As this rather simple idea developed there were unexpected features of play–especially competitive (or finite) play–that came into sudden view. If the purpose of a finite game is to conclude play as a winner, then play itself acquires distinctly negative quality. Since your opponents seek only to make you a loser, the play actually stands in the way of their desired result. Winning ends the game at once. Finite players find themselves in a strange situation: they are playing against play itself.
This contradiction has a number of consequences. For one, a combatant will appraise the strengths and weakness of the opponent so as to have a faultless strategy. If this is done perfectly, there is basically no game at all, merely the appearance of one. The combatant has become what I call in the text, a Master Player. A true Master Player completes a game only for the theater of it. The outcome was determined in advance. Master Players are rare, of course, but it is somewhere in the fantasy of every serious competitor to be one. We saw in the previous century how a self-identified Master Race collectively believed they had won the contest for superiority over all other races even before the contest began; they were winners at birth.

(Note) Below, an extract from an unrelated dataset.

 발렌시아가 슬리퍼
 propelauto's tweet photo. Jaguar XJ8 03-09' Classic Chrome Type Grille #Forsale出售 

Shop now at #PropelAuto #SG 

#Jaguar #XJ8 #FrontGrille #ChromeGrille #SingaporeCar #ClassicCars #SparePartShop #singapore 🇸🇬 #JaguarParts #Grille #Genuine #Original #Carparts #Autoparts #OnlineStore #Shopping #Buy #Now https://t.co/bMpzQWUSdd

History stopped with them. (It also stopped them.)
A second insight yielded by this simple distinction is that finite play in itself has any number of desirable values. A group of friends meets every Thursday at a club to play poker. They have been doing it for years and almost never does one of them miss the occasion. The rules are precise and never broken; the competition is fierce; each one of them obsesses over being the Master Player among the four of them. Suddenly the playing is over and they leave for home, delighted to have had such a lively evening with friends. To use the language of the book, they were playing a finite game (poker) within an infinite game (life-long friendships). A finite game begins to have ugly consequences when it is played within another finite game. Let’s say some of our poker players have truly decided they cannot continue living unless they emerge winners–every time. That is, Master Players. That’s their game. Poker is only part of it. How often it happens that open hostility emerges; friendship turns to hatred; alcohol is involved; then fists; occasionally guns.

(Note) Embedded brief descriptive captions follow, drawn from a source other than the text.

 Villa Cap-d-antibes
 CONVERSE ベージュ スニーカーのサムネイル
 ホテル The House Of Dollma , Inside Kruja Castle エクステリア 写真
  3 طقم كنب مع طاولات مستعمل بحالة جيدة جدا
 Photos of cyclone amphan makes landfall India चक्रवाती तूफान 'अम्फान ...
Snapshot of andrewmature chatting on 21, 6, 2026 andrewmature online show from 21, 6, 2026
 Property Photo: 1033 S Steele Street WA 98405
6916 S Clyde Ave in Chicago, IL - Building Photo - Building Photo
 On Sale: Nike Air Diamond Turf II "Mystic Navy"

The question gets very complicated. Did President Putin bomb Syrian civilians out a long friendship with Assad, or was it a move to be the Master Player over his corner of the world? What was the longer game in the American invasion of Iraq and Afghanistan? What, for instance, is meant by the term, “American exceptionalism?” Are Americans born with history on their side?

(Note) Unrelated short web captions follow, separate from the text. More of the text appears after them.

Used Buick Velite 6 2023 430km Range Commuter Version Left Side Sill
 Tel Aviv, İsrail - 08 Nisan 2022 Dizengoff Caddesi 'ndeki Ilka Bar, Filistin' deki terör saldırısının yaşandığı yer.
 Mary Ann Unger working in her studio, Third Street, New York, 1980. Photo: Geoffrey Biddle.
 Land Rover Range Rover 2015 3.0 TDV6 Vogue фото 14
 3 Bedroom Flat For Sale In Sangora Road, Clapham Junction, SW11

Our simple distinction now makes us look directly at the nature of an infinite game. If the purpose of such human engagement with the world is to continue the play, it would mean there are no winners–and no losers. The essential strategy would be to keep everyone in play. Finite players play within strict rules, else they cannot say who has won or who has lost; infinite players play with rules, because they must be constantly adjusted in response to changing circumstances. Master Players do what they can to prevent surprise; infinite players expect to be surprised. History did not end with their birth; neither will it end with their dying. The future is open and unpredictable. This is why the play of an infinite player is not a play but true play. It is not a scripted repetition of the past but the creative labor of imagining an open future, a future that stays open.